The flood of “fake news” this election season got support from a sophisticated Russian propaganda campaign that created and spread misleading articles online with the goal of punishing Democrat Hillary Clinton, helping Republican Donald Trump and undermining faith in American democracy, say independent researchers who tracked the operation.
Notice that these stories were not simply noise. They didn’t hold a neutral position. They were consistently aimed at two things: promoting Donald Trump and undermining people’s faith in democracy. Though, honestly, those might be seen as one thing.
Russia’s increasingly sophisticated propaganda machinery — including thousands of botnets, teams of paid human “trolls,” and networks of websites and social-media accounts — echoed and amplified right-wing sites across the Internet as they portrayed Clinton as a criminal hiding potentially fatal health problems and preparing to hand control of the nation to a shadowy cabal of global financiers. The effort also sought to heighten the appearance of international tensions and promote fear of looming hostilities with nuclear-armed Russia.
They drove fake news into right-wing sites on the same fuel that has powered conservative news sites from their inception: unreasoning fear. In the final three months before the election, these fake stories were spread more readily and more broadly than stories the traditional media. But then, the traditional media was also full of stories generated by Russia, who paid hackers to steal emails from private citizens and leak it back for articles that rarely stopped to ponder the source.
Even if they never touched a voting machine, there’s absolutely no doubt: Russia hacked the election.

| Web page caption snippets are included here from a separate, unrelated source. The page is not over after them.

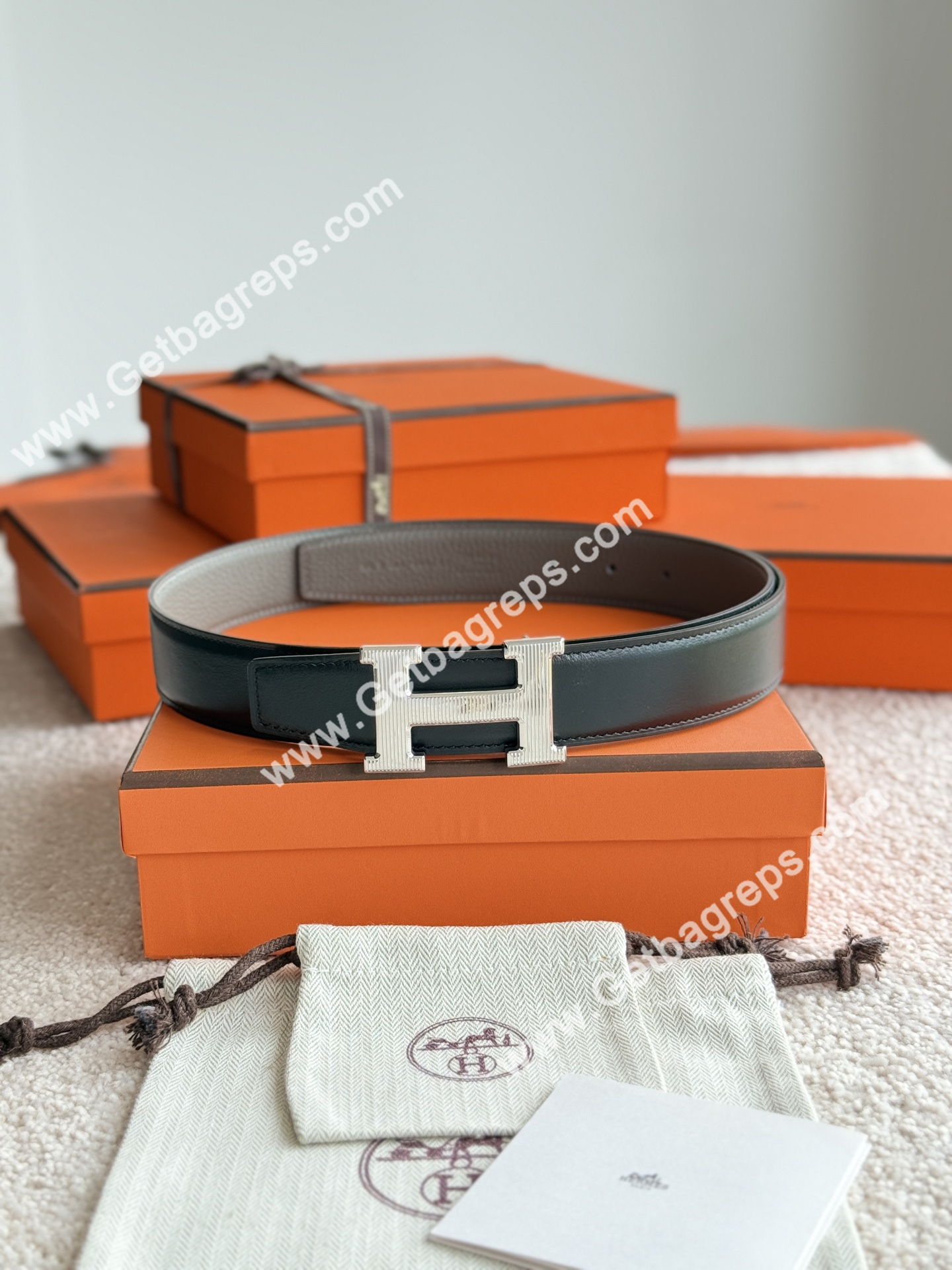 Hermes Mens Leather Belts Width 38mm -0311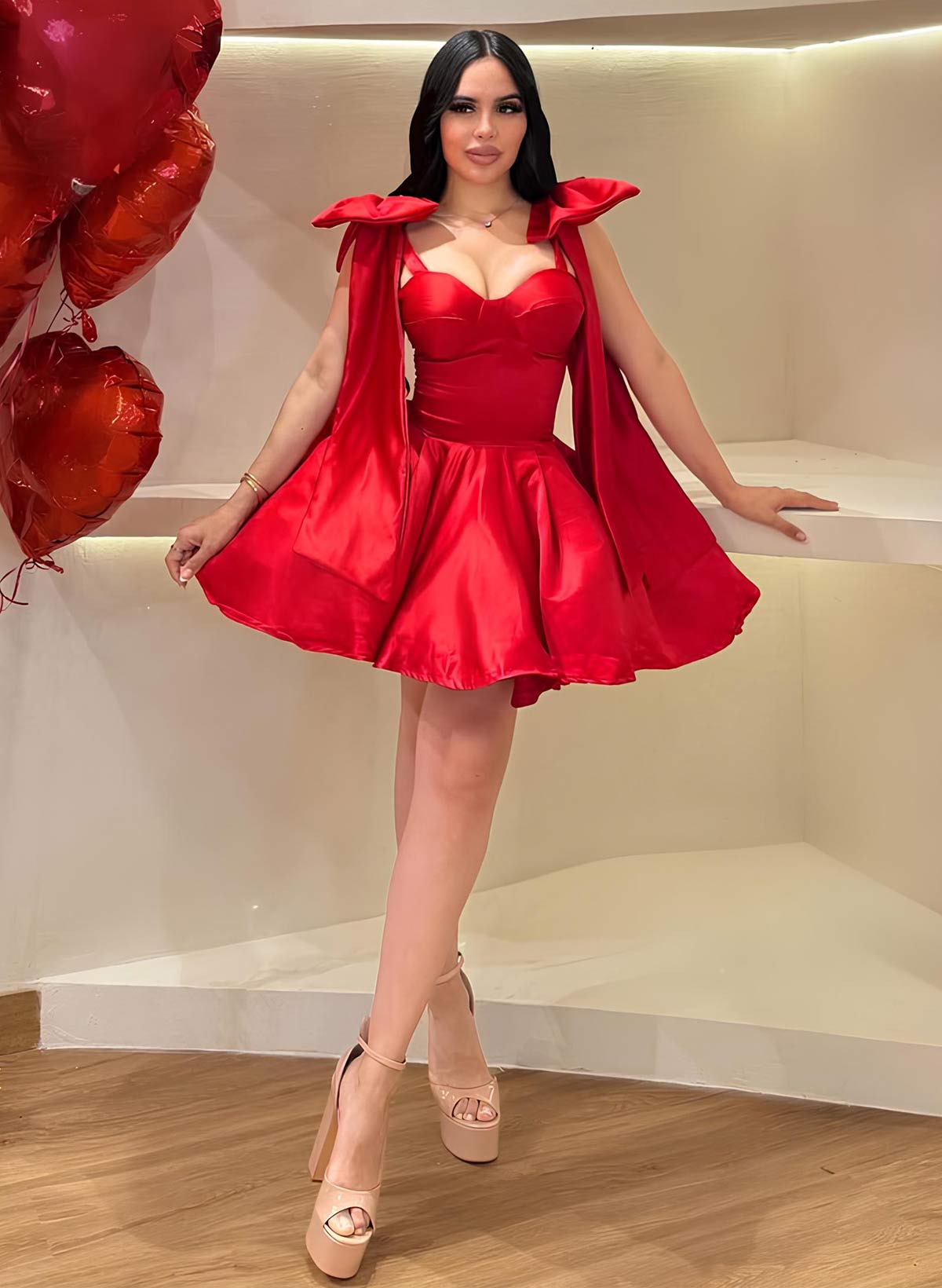 Sweetheart Bow(s) Regular Straps A-Line Short/Mini Satin Cocktail Dresses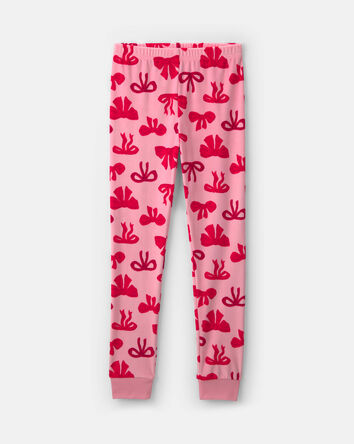 Girls 2-Piece Bows DreamPlush Snug Fit Pyjama Set - Pink, 
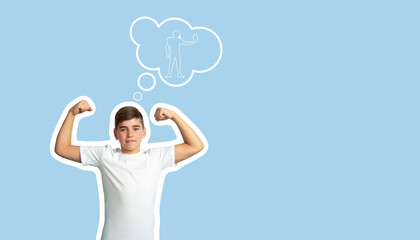 Childhood and dream about big and famous future. Conceptual image with boy and silhouette of sportive male american football player on blue background.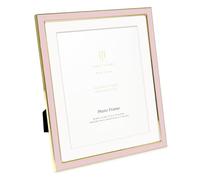 Isaac Jacobs 10x12 (Matted 8x10) Blush Enamel Picture Frame with Gold Metal Edge and Easel, Tabletop Display, Wall Décor, Photo Gallery, (10x12 (Matted 8x10), Blush with Gold)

The Russians didn’t have to invent a means of disseminating fake news. The pipeline for delivery was already there, and similar fake news efforts had already proven it could be effective.
Two teams of independent researchers found that the Russians exploited American-made technology platforms to attack U.S. democracy at a particularly vulnerable moment, as an insurgent candidate harnessed a wide range of grievances to claim the White House. The sophistication of the Russian tactics may complicate efforts by Facebook and Google to crack down on “fake news,” as they have vowed to do after widespread complaints about the problem.
Were these stories enough to elect Donald Trump? We don’t know, but considering the narrowness of the decision, it’s far more than simply possible.
Russia waged a campaign from the outset to affect the outcome of the American election. That effort included hacking American email servers, disseminating private information, commissioning and spreading propaganda. At a minimum.
And all the while, the Russian government and the Trump campaign were in regular communication. Considering the number of known connections between Trump, Manafort, Flynn, Page and Russia, and the ways in which all worked to undermine US positions relative to NATO, Ukraine, or Syria, it can’t be dismissed that there was not just cooperation, but a deal in place.
Was propaganda that the limit of Russia's actions?
Even in advance of the election, concerns were widespread that it would be easy to hack into the voting machines that were being used and Edward Snowden shared a video just before the election that showed hackers breaking into a voting machine using only a £24 memory card.
The evidence that Russia directly altered votes in the election seems to be currently limited to the results of statistical analysis—and the outcome from that analysis is anything but “undisputed.”
But considering everything we know that Russia did to sway the election, no one should be too quick to dismiss the possibility of more direct action out of hand.